Only 50 people were allowed to Zoukak’s site-specific performance called Silk-Thread , in which the viewers had to keep up with the actors as they led them through seven different locations. The play itself is in the form of a tapestry. The tryst with Lebanese heritage continued in this innovative performance as well. The play investigated inherited social structures that shape gender stereotypes. While it focussed on Lebanese society, the message that was creatively imparted echoes in a country like India where gender-based violence is common and patriarchy is the norm.

Last year, Zoukak held four performances which were received enthusiastically. During one repeat performance in 2015 of their visually acclaimed play Lucena: Obedience Training , a scuffle broke out as a few viewers sneaked in through a side entrance disrupting the discipline that marked the audience. It is not very difficult to understand why Zoukak has come to acquire such rapturous support at ITFoK with its politically aware and aesthetically appreciative audience.

Nevertheless, it is not easy to discuss and analyse the theatre of Zoukak because its members are not given to detailed explanations of their performances. This does not mean that they are notoriously eccentric or indulge in bombastic balderdash. On the contrary, they are inherently self-effacing. It is easy to walk up to them and share a cigarette and talk about the vibe at ITFoK, but they are reluctant to discuss their work unless asked specific questions. They also work as a collective with six core team members and it is a little tough to get all six of them to sit down in one place to have a conversation.

This seeming discursiveness of Zoukak spills into its performances sometimes. This is slightly misleading as the actors bring in a great cohesiveness in their output, but this awareness comes only if a viewer is aware of the Lebanese context in which the theatre was born and is strongly rooted in.

All the members of the group are in their early to late thirties and have grown up with war all around them and represent the religious diversity of Lebanon.

Zoukak sees theatre as revolutionary but refuses to toe any ideology as it is claustrophobic for a group as discursive as Zoukak is. In response to a question by Frontline on any ideological agenda that drove their theatre, Maya Zbib, a founding member of the group and director of Silk-Thread , said: “The main drive is to collectively perform our theatre and this leads to a hybrid and messy aesthetic.” This constant emphasis on collaboration and the collective is a little confounding, but when one sees its body of work, it becomes evident that its members see theatre as having a reformatory and soothing power. Omar Abi Azar, a founding member of Zoukak and director of The Battle Scene , added: “War is happening all over the planet. Doing theatre and watching theatre is a protest against people who are trying to rot our minds.”

In a post-ideological world where the global fault lines have appeared in the form of religious ideologies, particularly Islamic fundamentalism versus a spectrum of liberal philosophies, Zoukak’s theatre has a certain mystical hope about it. Its repertoire is vast and diverse, but a core humanism that recognises the dignity and equality of individuals pervades its work. Its aesthetic does not have the cleanliness of traditional theatre, but it is its untidiness that appeals to audiences.

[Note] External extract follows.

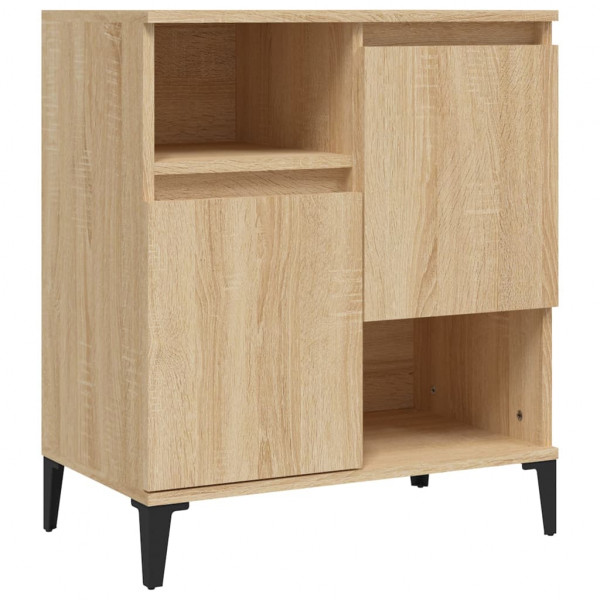 Aparadores 2 uds madera contrachapada roble Sonoma 60x35x70 cm M 5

In an earlier interview that the group gave to a Spanish magazine, one of its members stated: “We make theatre because we believe of the glimpse of hope it is capable of providing for our futures and because we believe that the medium itself has a future [sic].”

ITFoK seems to love Zoukak and the actors must have gone back to Lebanon enthused by the massive response they received here. Considering its popularity, it might even be invited for an unprecedented third time to the prestigious theatre festival. Well, the audience is ready for Zoukak.